— Work request —
Write out, please, each line from the one containing "24 Disturbing Black" to the final line of the data, both included, exactly and without pictures.

— Given data —

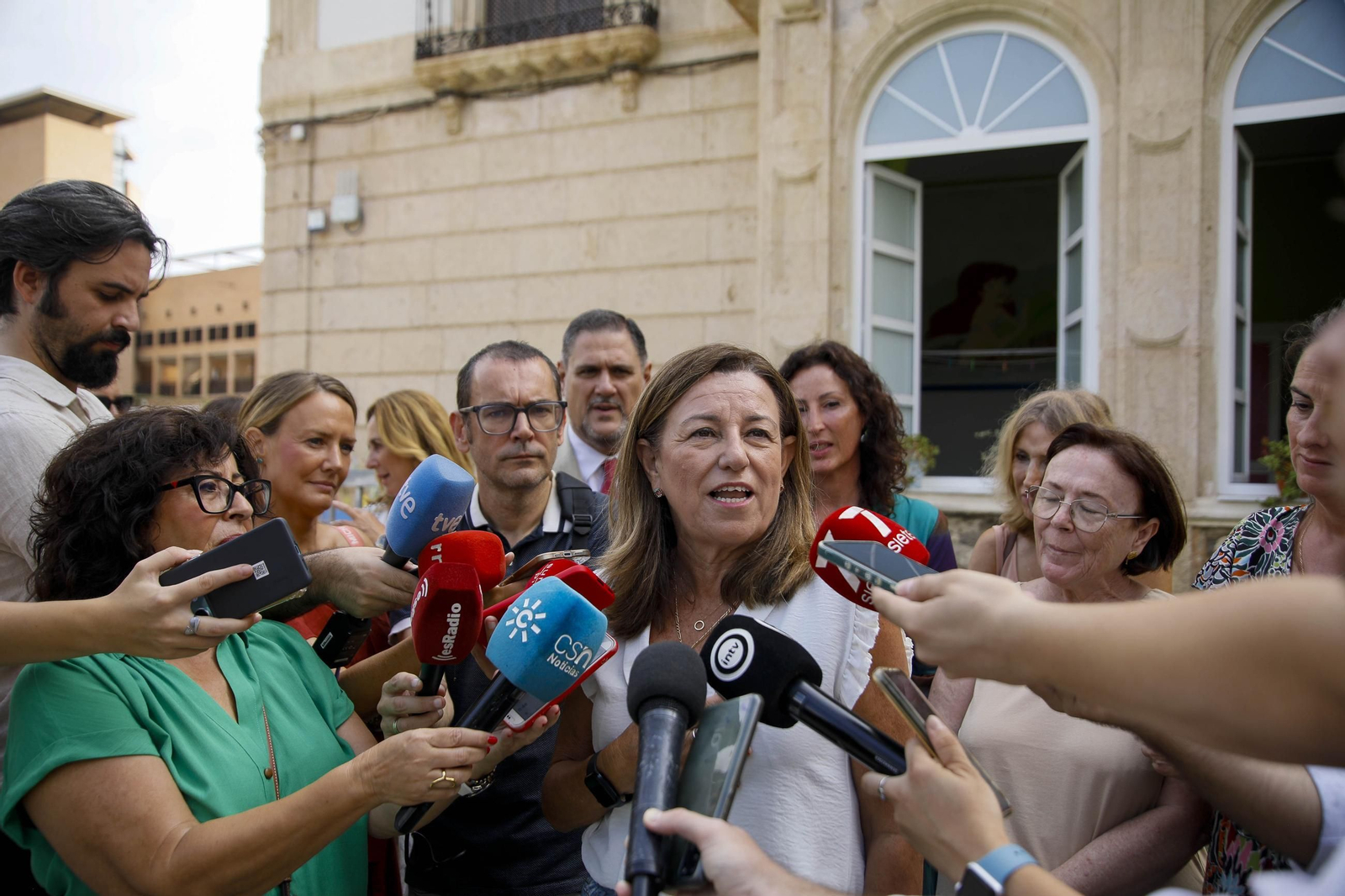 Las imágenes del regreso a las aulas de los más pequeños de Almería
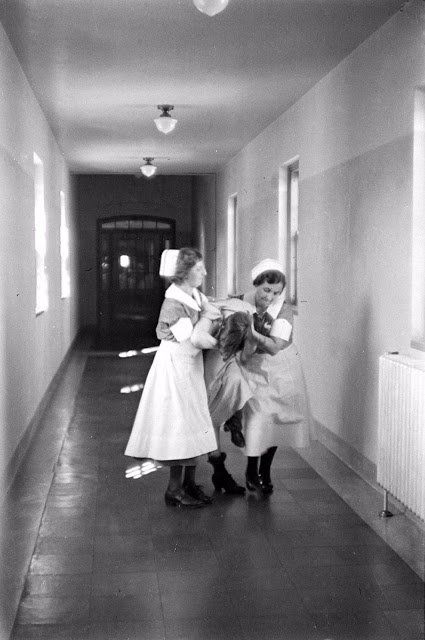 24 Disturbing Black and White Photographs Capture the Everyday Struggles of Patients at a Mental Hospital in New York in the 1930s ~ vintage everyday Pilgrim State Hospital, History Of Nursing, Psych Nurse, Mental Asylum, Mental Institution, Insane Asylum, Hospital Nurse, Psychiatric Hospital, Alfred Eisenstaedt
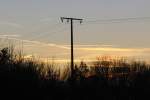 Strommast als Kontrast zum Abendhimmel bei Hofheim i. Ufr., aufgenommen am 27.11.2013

— Result —
 24 Disturbing Black and White Photographs Capture the Everyday Struggles of Patients at a Mental Hospital in New York in the 1930s ~ vintage everyday Pilgrim State Hospital, History Of Nursing, Psych Nurse, Mental Asylum, Mental Institution, Insane Asylum, Hospital Nurse, Psychiatric Hospital, Alfred Eisenstaedt
 Strommast als Kontrast zum Abendhimmel bei Hofheim i. Ufr., aufgenommen am 27.11.2013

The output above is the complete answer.